WHAT YOU HAVE TO DO: In the listing, locate the line containing "Nakd Cocoa Orange", then quote it and all following lines exactly. Omit pictures.

SUPPLIED DATA:
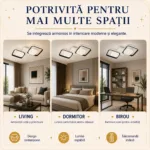 Lustră LED Modernă cu Rame Pătrate Cristal 52,5 cm – Metal Alb-Negru și Cristal Acrilic, 2 Surse LED Integrate, Design Elegant pentru Hol, Dormitor și Living - imagine 7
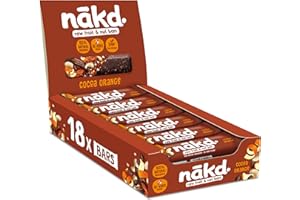 Nakd Cocoa Orange Natural Fruit & Nut Bars - Vegan - Healthy Snack - Gluten Free - 35g x 18 bars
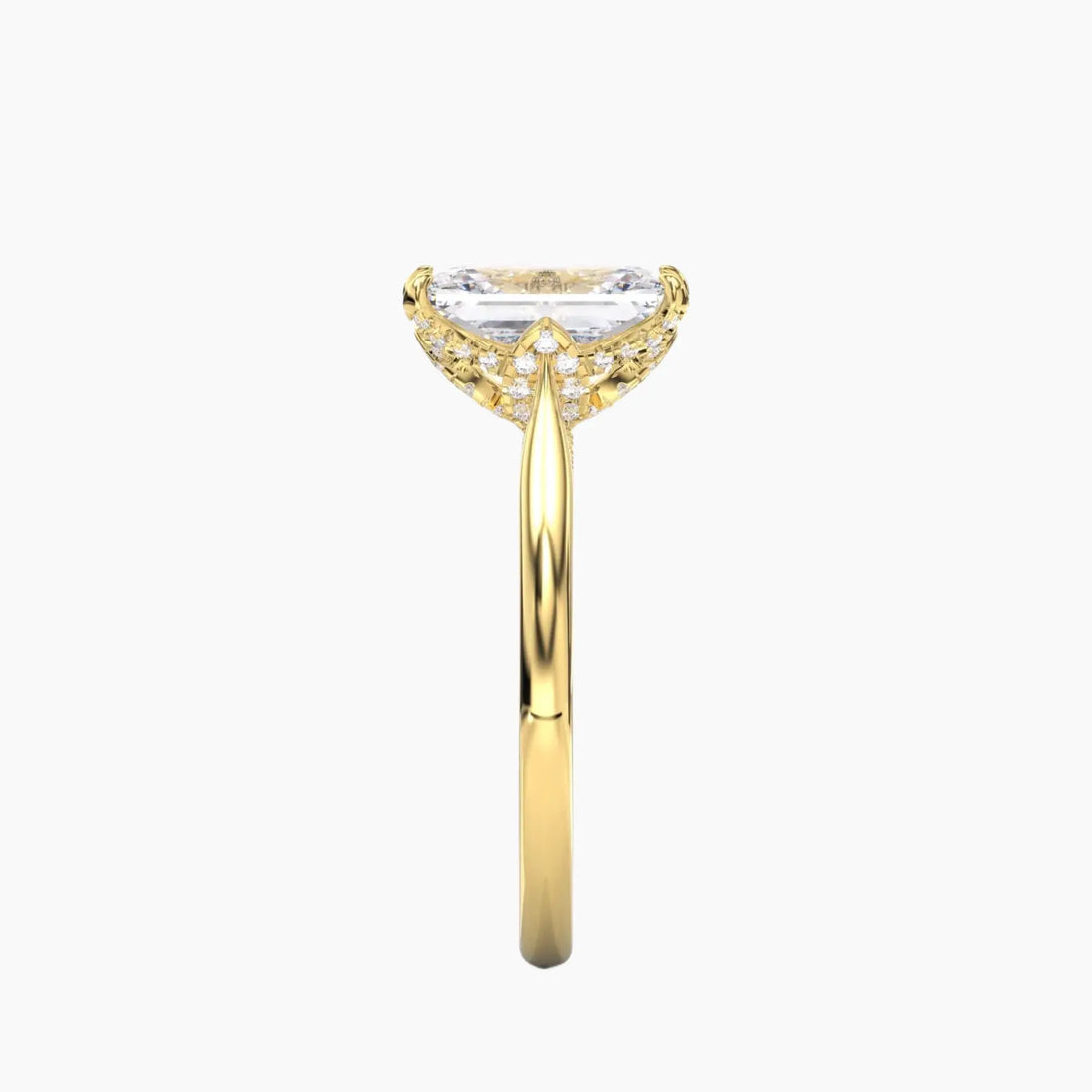 Rosette Radiant Hidden Halo Diamond Ring Setting in 14K Rose Gold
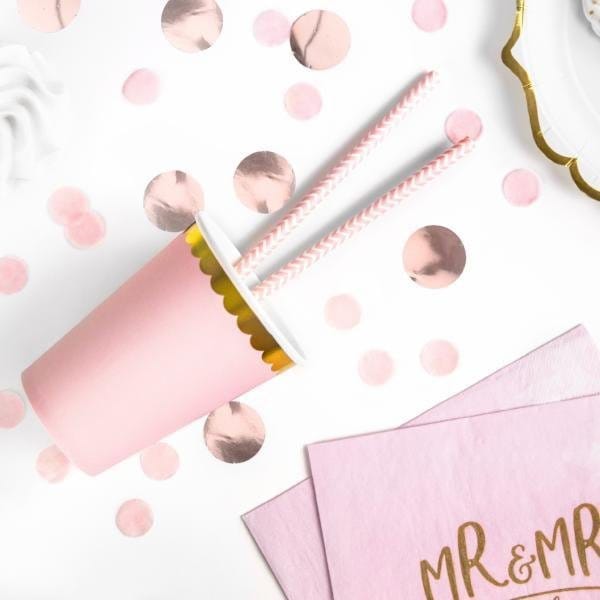 Pastel Pink and Gold Foil Paper Party Cups - Pack of 6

WRITTEN RESPONSE:
 Nakd Cocoa Orange Natural Fruit & Nut Bars - Vegan - Healthy Snack - Gluten Free - 35g x 18 bars
 Rosette Radiant Hidden Halo Diamond Ring Setting in 14K Rose Gold
 Pastel Pink and Gold Foil Paper Party Cups - Pack of 6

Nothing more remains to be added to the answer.